The report says median prices Valley-wide in October dropped to levels last seen in March 2004, and preliminary medians for November and December have declined to levels of October 2003 and April 2002, “essentially eliminating all appreciation in house prices from the current cycle.”
The run-up in prices began in 2004, peaked in 2006 and started dropping substantially at the start of 2008, the report indicates.
Northeast Phoenix dodged the bullet for a while, said Jim Belfiore of Belfiore Real Estate Consulting. But it is catching up now.
He said condos especially are in trouble, with costs of land and construction far outpacing the prices developers can hope to get for their units. He said he expects several projects to fail in 2009.
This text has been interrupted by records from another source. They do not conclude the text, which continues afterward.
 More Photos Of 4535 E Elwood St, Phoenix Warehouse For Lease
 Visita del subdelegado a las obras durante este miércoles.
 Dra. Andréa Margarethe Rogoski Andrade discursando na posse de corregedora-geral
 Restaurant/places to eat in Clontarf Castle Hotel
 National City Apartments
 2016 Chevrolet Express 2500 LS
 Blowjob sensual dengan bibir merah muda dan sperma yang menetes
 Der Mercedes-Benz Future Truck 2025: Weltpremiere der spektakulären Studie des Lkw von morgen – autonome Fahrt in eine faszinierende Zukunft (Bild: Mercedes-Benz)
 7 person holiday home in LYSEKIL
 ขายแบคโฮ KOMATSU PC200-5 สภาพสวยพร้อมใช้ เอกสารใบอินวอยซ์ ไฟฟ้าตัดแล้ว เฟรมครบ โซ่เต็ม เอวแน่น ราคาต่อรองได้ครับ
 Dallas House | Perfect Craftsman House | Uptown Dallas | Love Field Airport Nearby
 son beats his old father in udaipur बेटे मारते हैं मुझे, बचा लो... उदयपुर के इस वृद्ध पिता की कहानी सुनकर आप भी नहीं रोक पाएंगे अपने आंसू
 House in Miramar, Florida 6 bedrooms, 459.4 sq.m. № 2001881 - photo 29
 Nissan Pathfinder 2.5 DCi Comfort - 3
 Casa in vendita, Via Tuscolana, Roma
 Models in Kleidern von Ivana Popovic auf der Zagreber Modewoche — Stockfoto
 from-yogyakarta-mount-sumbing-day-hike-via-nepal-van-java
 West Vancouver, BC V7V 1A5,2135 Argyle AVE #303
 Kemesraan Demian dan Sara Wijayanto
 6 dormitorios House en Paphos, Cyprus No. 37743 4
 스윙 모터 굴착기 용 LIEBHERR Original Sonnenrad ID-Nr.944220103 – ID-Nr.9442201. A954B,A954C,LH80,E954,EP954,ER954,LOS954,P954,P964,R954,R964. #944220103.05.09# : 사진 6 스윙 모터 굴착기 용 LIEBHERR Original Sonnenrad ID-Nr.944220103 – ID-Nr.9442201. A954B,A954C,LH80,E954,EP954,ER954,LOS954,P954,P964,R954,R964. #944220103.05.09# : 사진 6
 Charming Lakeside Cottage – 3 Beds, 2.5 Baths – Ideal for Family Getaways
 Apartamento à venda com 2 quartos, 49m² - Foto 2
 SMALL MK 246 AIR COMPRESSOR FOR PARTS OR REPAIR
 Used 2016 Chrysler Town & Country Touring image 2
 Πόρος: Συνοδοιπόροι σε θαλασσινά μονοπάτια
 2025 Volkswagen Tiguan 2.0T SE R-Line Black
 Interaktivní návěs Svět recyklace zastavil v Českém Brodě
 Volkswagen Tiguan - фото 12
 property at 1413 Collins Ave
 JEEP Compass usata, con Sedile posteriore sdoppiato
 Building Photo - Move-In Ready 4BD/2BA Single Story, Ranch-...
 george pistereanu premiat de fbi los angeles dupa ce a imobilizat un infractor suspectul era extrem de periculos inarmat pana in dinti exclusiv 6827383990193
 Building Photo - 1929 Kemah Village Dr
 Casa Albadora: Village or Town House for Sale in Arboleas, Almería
What few buyers are out there are looking for bargains, he said, and when single-family homes’ mortgage payments are equal to or less than apartment rents, apartment occupancy suffers as well.
He said he expects prices of both new and resale homes to reach a bottom sometime in 2009.
“Once they stabilize, interest and lending are likely to come back,” he said.
Until then, lenders remain skeptical, with high down payments and, in some cases, high interest rates required.
Foreclosures, which have driven prices down, rose in northeast Phoenix from 287 in the year that ended in October 2007 to 807 a year later.
Most of the sales and most of the foreclosures were in ZIP code 85032, bordered by Cactus and Cave Creek roads, Union Hills Drive and Tatum Boulevard. That area, which generally has lower priced homes, saw 665 sales in 2008, and 428 foreclosures.
By constrast, ZIP code 85254, east of Tatum, had 537 sales but only 177 foreclosures.
Echo Farrell of Farrell Fine Homes in Paradise Valley recently began a service for homeowners in danger of foreclosure. She is helping them refinance loans or otherwise dodge the prospect of losing their homes.
She said people losing and buying foreclosed homes are a distinguishing feature of the current downturn. Otherwise, she said, the business in the northeast part of the Valley has not changed much.
Another Realtor said the market is shaky.
“It’s crazy right now,” said Andrew Holm, a Scottsdale Realtor who works in Desert Ridge and Kierland. “I’ve been in this business eight years and it is extremely different from what I have seen.”
Buyers are offering 20 to 30 percent below asking prices, Holm said, even if sellers would never accept their bids.
“We now get appraisals up front, before listing,” he said. “Appraiser and lenders are being so conservative. What matters is not what the seller wants or needs, it is what the lender will lend.”